> _WHAT IS BEING ASKED_
Begin at the line containing "Race photo from CISANGKAN KBP CITY RUN 2025" in the entries below and end at the line containing "その他 MicroServer Gen8 Xeon E-1220L V2 2.30GHz"; transcribe that range exactly and nothing outside it.

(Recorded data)
========

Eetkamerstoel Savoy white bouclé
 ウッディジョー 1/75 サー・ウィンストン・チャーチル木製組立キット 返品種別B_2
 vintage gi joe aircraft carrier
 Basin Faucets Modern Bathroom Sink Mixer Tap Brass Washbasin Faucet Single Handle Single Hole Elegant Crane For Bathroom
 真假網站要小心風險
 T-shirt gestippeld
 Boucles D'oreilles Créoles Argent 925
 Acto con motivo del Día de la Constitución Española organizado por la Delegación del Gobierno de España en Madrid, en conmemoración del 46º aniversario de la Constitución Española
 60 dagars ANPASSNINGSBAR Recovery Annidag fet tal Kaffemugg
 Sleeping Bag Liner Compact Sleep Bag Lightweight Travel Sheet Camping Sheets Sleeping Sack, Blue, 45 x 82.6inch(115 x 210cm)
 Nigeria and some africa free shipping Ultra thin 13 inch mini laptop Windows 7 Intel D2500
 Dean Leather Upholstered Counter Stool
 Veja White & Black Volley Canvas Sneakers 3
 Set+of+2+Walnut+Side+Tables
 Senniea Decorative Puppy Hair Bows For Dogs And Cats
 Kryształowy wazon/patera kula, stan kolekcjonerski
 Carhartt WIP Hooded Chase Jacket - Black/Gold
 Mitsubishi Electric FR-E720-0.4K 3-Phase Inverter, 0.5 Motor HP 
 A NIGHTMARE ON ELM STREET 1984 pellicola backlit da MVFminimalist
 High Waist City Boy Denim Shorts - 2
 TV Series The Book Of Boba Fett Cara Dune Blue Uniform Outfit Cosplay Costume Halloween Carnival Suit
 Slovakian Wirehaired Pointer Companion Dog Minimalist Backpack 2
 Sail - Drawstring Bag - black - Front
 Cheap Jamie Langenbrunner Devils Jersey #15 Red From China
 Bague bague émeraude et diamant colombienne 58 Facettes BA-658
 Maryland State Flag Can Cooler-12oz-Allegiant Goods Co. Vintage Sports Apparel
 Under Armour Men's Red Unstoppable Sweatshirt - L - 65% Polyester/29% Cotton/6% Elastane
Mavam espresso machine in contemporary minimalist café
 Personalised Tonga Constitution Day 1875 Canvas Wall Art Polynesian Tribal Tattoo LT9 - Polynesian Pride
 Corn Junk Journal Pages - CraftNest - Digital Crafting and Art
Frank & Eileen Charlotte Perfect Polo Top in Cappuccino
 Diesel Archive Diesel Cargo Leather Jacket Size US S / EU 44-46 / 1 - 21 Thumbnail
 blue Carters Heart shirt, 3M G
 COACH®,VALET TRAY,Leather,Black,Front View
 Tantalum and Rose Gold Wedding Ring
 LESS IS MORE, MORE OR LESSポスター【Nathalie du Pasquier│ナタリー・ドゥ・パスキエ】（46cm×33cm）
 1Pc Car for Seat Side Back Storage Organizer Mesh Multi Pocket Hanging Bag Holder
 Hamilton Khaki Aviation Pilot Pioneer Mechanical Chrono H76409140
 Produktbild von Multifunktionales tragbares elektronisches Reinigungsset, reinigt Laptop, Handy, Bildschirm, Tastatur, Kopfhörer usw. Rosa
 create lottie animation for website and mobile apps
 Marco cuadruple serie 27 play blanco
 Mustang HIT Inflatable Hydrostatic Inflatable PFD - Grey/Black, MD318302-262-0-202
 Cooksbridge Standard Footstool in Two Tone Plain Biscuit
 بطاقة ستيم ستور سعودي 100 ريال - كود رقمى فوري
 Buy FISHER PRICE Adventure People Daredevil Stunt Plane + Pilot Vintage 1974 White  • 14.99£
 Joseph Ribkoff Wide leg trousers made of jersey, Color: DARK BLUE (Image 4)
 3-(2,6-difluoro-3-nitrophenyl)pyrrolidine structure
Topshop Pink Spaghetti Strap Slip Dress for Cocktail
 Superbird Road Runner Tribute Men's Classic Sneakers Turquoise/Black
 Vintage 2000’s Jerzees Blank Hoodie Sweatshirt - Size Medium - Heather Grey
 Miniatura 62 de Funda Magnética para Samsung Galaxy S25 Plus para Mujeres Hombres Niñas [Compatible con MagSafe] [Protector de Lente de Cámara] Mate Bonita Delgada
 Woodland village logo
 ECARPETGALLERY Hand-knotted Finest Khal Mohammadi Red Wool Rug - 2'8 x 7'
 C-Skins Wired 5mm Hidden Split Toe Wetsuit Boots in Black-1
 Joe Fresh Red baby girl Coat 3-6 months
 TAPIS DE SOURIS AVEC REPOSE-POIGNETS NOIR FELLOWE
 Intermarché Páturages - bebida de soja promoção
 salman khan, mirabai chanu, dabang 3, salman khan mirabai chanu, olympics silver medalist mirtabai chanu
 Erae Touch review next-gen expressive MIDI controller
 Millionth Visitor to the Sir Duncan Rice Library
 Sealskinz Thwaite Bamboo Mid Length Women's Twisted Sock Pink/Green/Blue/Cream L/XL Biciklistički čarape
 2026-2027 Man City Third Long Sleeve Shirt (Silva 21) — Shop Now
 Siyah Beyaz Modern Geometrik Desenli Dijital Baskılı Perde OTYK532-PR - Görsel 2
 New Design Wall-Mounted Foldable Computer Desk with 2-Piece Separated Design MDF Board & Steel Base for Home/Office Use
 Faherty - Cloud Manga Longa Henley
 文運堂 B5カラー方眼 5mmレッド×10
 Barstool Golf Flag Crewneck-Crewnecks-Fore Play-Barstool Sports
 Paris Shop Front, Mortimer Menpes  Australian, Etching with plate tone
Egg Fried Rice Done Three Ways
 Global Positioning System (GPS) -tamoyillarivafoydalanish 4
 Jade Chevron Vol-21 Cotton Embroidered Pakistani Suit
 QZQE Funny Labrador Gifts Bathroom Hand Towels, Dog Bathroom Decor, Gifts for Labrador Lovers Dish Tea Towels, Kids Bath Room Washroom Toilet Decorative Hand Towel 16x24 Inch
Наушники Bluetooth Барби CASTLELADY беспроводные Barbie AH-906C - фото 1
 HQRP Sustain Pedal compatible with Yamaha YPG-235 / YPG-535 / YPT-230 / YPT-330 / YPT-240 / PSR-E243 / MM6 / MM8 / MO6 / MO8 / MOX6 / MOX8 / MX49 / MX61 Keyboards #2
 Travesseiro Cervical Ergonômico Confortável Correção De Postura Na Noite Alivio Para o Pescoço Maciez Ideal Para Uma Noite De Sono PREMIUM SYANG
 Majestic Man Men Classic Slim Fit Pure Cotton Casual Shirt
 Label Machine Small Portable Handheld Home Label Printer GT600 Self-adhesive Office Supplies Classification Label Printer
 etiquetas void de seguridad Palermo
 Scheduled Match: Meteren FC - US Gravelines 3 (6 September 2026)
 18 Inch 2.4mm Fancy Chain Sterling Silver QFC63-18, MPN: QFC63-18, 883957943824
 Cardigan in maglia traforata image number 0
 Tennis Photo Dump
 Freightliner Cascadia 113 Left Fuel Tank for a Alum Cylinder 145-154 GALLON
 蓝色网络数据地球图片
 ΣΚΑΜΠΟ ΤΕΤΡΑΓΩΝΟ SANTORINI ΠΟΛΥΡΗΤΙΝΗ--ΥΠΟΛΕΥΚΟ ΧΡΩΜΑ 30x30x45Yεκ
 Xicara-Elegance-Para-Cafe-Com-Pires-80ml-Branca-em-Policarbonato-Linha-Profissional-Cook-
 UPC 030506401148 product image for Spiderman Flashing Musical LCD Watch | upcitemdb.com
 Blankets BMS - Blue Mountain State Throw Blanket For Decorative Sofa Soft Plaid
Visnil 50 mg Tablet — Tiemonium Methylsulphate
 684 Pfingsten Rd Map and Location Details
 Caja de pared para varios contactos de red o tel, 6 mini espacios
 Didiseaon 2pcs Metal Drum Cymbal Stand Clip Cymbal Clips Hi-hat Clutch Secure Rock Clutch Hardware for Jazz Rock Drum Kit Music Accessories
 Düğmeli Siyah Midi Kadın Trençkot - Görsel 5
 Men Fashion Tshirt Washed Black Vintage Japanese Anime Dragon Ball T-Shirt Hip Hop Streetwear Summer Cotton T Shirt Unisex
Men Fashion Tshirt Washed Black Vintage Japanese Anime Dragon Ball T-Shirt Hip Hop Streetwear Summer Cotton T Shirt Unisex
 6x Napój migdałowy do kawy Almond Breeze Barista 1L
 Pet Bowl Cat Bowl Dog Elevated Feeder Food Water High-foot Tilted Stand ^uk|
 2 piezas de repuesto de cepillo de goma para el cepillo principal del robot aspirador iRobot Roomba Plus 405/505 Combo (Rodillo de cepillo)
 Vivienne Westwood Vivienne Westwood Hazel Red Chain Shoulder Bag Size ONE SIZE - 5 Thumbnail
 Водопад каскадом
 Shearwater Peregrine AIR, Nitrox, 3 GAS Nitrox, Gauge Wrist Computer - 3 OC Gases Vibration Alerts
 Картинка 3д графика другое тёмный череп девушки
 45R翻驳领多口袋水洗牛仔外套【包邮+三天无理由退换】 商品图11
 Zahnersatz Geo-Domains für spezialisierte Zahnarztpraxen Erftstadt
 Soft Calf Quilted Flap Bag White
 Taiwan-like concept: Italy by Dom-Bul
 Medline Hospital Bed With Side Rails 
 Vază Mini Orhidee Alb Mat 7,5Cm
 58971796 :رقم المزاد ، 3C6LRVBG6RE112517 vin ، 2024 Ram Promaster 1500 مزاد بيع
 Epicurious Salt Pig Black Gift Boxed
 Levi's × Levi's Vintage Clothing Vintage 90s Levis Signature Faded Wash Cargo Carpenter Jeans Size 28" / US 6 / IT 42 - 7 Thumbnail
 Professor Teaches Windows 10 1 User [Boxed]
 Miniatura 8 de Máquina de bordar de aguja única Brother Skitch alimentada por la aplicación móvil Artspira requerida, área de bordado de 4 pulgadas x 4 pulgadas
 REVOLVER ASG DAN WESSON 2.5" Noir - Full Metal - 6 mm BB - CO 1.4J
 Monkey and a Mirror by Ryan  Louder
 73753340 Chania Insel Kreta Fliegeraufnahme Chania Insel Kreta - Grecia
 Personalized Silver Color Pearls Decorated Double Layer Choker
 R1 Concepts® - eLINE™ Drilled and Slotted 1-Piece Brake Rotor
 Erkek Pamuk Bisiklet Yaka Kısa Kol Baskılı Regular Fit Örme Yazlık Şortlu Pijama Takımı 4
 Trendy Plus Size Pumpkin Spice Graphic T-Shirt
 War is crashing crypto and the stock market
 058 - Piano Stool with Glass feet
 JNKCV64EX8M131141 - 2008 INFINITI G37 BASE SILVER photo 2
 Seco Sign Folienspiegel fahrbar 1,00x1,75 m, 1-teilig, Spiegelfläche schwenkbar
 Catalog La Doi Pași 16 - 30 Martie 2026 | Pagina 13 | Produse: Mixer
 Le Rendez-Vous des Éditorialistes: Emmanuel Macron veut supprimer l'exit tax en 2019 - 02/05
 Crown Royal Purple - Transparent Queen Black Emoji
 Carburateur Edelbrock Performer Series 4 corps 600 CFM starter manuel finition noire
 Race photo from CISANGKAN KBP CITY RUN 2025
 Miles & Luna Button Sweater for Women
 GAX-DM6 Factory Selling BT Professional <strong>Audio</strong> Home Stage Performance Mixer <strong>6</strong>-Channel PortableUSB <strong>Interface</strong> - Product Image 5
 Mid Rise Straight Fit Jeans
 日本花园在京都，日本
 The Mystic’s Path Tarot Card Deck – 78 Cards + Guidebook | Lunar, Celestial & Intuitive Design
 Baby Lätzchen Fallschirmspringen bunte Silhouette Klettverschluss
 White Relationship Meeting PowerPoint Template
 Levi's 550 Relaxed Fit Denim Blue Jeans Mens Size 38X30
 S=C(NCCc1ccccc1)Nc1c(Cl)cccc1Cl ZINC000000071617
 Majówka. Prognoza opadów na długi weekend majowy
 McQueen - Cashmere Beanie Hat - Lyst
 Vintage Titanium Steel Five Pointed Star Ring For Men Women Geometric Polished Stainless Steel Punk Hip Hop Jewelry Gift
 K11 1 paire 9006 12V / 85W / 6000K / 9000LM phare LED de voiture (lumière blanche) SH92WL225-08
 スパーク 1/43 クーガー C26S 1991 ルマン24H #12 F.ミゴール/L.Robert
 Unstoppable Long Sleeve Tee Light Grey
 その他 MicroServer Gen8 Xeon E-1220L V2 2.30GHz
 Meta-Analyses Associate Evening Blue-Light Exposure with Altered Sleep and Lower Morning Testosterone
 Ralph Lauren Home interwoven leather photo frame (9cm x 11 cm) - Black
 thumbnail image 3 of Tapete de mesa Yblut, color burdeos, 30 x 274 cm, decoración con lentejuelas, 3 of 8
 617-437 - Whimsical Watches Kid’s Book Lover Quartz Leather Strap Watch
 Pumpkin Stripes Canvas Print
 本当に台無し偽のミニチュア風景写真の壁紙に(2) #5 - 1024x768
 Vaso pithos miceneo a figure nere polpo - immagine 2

========

> _SOLUTION TO THE PROBLEM_
 Race photo from CISANGKAN KBP CITY RUN 2025
 Miles & Luna Button Sweater for Women
 GAX-DM6 Factory Selling BT Professional <strong>Audio</strong> Home Stage Performance Mixer <strong>6</strong>-Channel PortableUSB <strong>Interface</strong> - Product Image 5
 Mid Rise Straight Fit Jeans
 日本花园在京都，日本
 The Mystic’s Path Tarot Card Deck – 78 Cards + Guidebook | Lunar, Celestial & Intuitive Design
 Baby Lätzchen Fallschirmspringen bunte Silhouette Klettverschluss
 White Relationship Meeting PowerPoint Template
 Levi's 550 Relaxed Fit Denim Blue Jeans Mens Size 38X30
 S=C(NCCc1ccccc1)Nc1c(Cl)cccc1Cl ZINC000000071617
 Majówka. Prognoza opadów na długi weekend majowy
 McQueen - Cashmere Beanie Hat - Lyst
 Vintage Titanium Steel Five Pointed Star Ring For Men Women Geometric Polished Stainless Steel Punk Hip Hop Jewelry Gift
 K11 1 paire 9006 12V / 85W / 6000K / 9000LM phare LED de voiture (lumière blanche) SH92WL225-08
 スパーク 1/43 クーガー C26S 1991 ルマン24H #12 F.ミゴール/L.Robert
 Unstoppable Long Sleeve Tee Light Grey
 その他 MicroServer Gen8 Xeon E-1220L V2 2.30GHz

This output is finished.